# Exercise instructions:
Given the records below, the lines starting at the line with "kod QR z danymi kontaktowymi 54230675900000" and ending at the line with "12_Disciples_WIDE-TITLE-3#preset=tg_title3.jpg" should be output exactly, both end lines kept and pictures left out.

# Data extracted from a collection:
==================================================
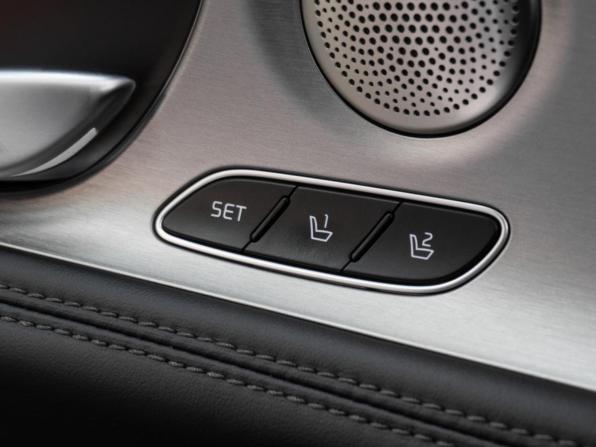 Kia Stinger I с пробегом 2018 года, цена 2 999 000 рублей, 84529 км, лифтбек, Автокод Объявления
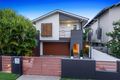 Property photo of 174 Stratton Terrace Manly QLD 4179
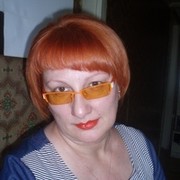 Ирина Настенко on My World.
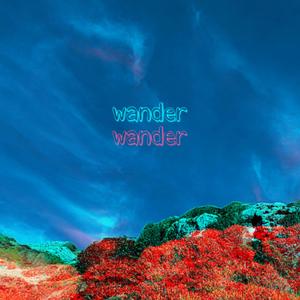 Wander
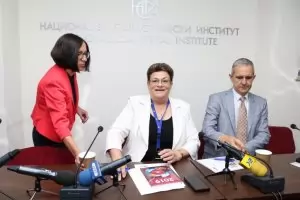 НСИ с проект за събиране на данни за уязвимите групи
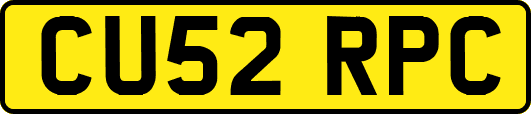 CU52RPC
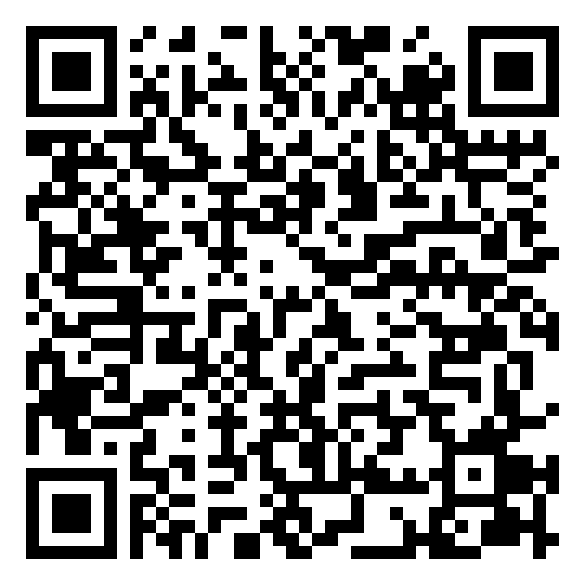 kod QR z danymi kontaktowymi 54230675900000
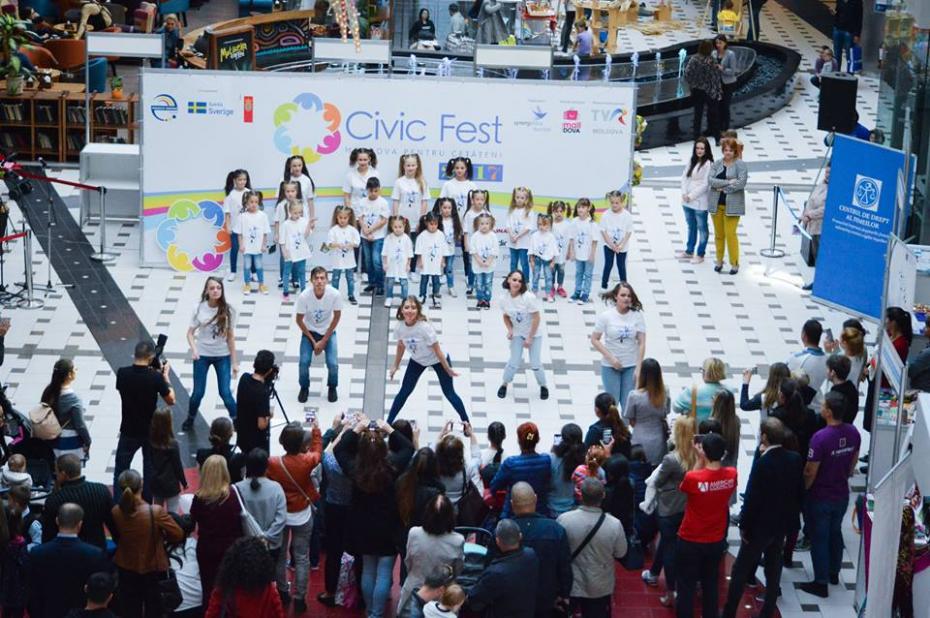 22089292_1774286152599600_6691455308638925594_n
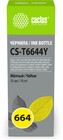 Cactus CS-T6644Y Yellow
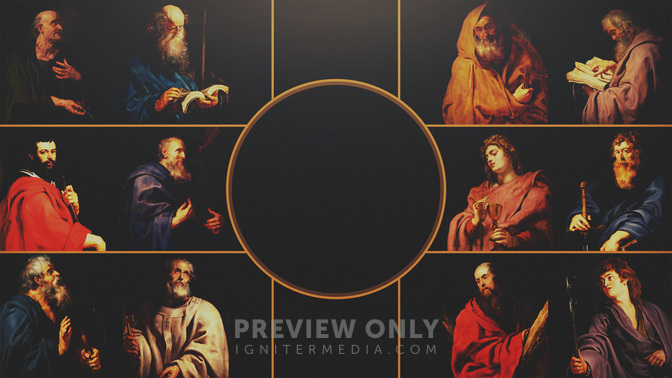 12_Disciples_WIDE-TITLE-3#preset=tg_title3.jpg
==================================================
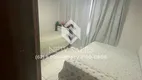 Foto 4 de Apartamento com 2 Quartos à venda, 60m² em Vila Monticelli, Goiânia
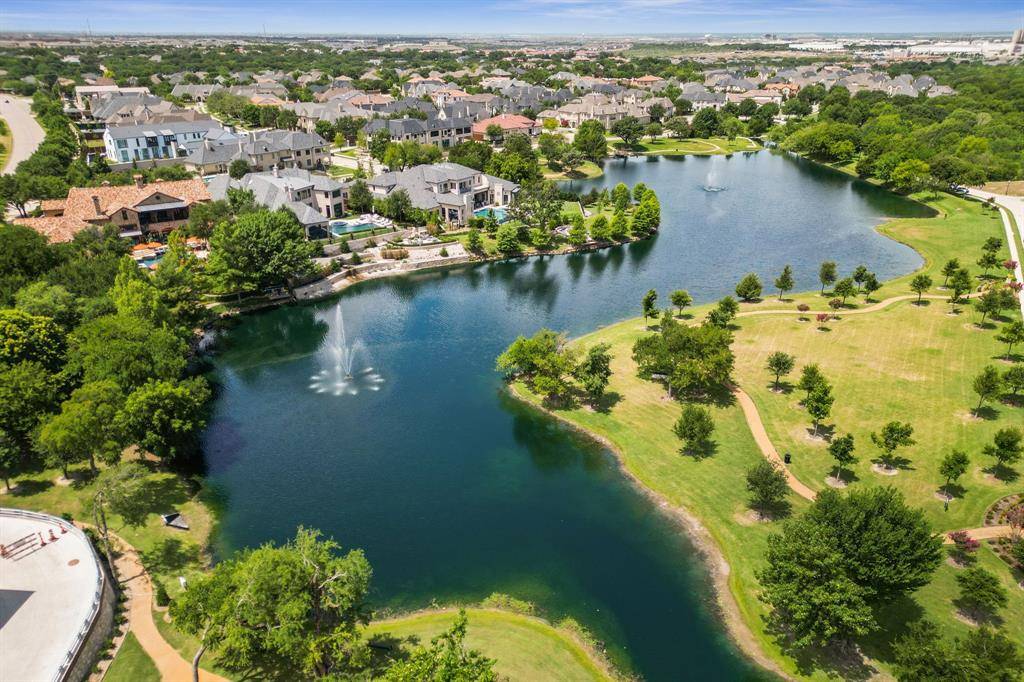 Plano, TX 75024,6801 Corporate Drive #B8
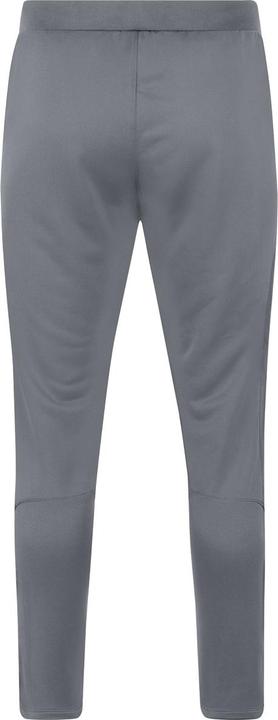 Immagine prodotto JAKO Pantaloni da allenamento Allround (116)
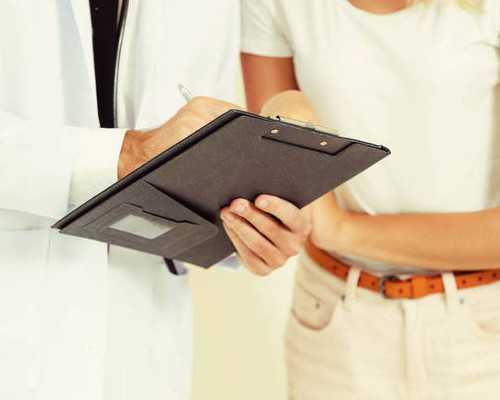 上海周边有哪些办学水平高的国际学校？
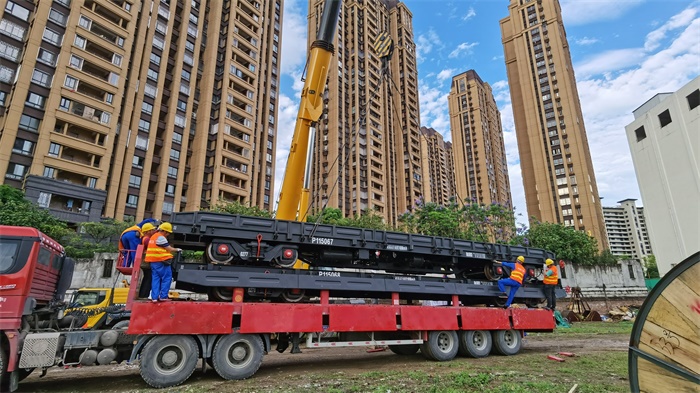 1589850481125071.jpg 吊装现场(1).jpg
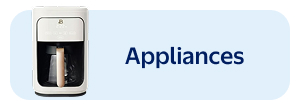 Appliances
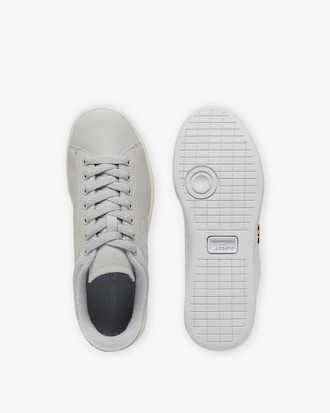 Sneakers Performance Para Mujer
==================================================
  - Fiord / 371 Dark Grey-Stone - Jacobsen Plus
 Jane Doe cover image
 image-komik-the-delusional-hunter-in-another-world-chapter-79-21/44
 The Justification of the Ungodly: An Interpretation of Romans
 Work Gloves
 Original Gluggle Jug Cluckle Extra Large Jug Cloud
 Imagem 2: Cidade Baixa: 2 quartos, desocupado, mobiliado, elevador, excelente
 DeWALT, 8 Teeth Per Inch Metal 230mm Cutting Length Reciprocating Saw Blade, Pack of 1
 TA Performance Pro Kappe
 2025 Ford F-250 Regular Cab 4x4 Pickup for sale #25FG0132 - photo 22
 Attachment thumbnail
==================================================
# Reply:
 kod QR z danymi kontaktowymi 54230675900000
 22089292_1774286152599600_6691455308638925594_n
 Cactus CS-T6644Y Yellow
 12_Disciples_WIDE-TITLE-3#preset=tg_title3.jpg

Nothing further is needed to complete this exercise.